We have a family friend who cautions against praying for patience. "I know not to pray for patience," she says, "because when you pray for patience, God grants you opportunities to practice it."

Writing a book is a strange process, or at least, it has been for me. It feels almost bipolar. In the ideation stage, I had days where the outline almost poured out of me. And then I had days where I would spend hours trying to think through potential titles and nothing would come. Or, worse the ideas would come and be so undeniably bad that I would insta-reject them. "How about--?" "Lame!"; "Or maybe--?" "Tacky!"; "Or what about--" "OMG time to shut the laptop. Just shut it."

The writing process was similar for me. For the first few months, I could not find a consistent time to write. Sometimes I wrote in the morning. Sometimes I rewrote what I wrote in the morning at night. I once wrote under the influence of mimosas, and those four paragraphs were actually fantastic (save for the British spelling--I have no idea why champagne would make me want to spell glamorous with an extra "u").

Then in the first three months of this year, I was able to write for hours upon hours at a time. I would wake up, have breakfast, and then start writing. And as I became eager to finish my first draft, I found myself waking up a half hour earlier each day (and then a half hour earlier).

Once I was accustomed to working for hours each day on my draft, I sent it to two brilliant friends who agreed to edit it for me. And then, I had six weeks of waiting. I don't remember praying for patience, but I had the opportunity to practice it. Of course the timing was completely reasonable and the edits were extensive and fabulous, but for me there was this question of how do you do you push your mind to think through your book every day and then ask it to think about something else for a bit?

I received their edits, and I incorporated them furiously. Now I have begun querying literary agents, and what I must do is wait. I must practice patience. Surely in the meantime, I can read so I can say I'm well read. I can devise and work on a new book to prove I have longevity. I can write articles and I can be a good wife and friend and person. But the thing is, this is my shot. That's not to say I don't believe there won't be others, but right now this is my time. If I hear back from a literary agent and he or she requests my manuscript that means--well honestly, then there will be more waiting.
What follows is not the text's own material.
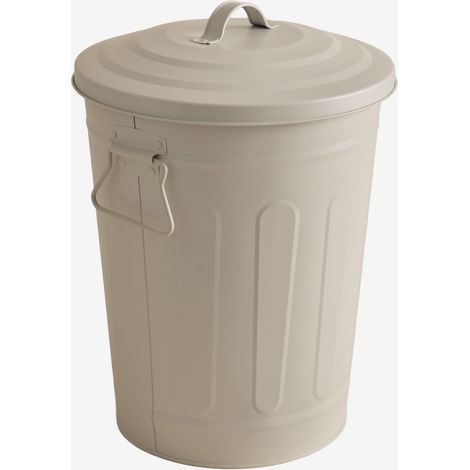 SKLUM Mülleimer mit Deckel für den Außenbereich aus verzinktem Stahl Susi Beige Tapioca (1/5)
But then if I am lucky enough for someone to take me on--well then there will be more waiting, as we look for a publisher.

Sometimes I sit at my desk and look at local employment opportunities. I think maybe I should start thinking about my contingency now. But then I say to myself, there are only a few more months set aside in my year to make this happen. And making it happen isn't all about the writing, it's also about mastering the waiting. So I'll wait and hope that I am blessed with the opportunities to wait for an agent to read my manuscript, and then for a publisher to become interested, and then wait for a book deal, and then wait for sales and reviews. I'll pray for patience, because I hope I'll have the opportunity to practice it.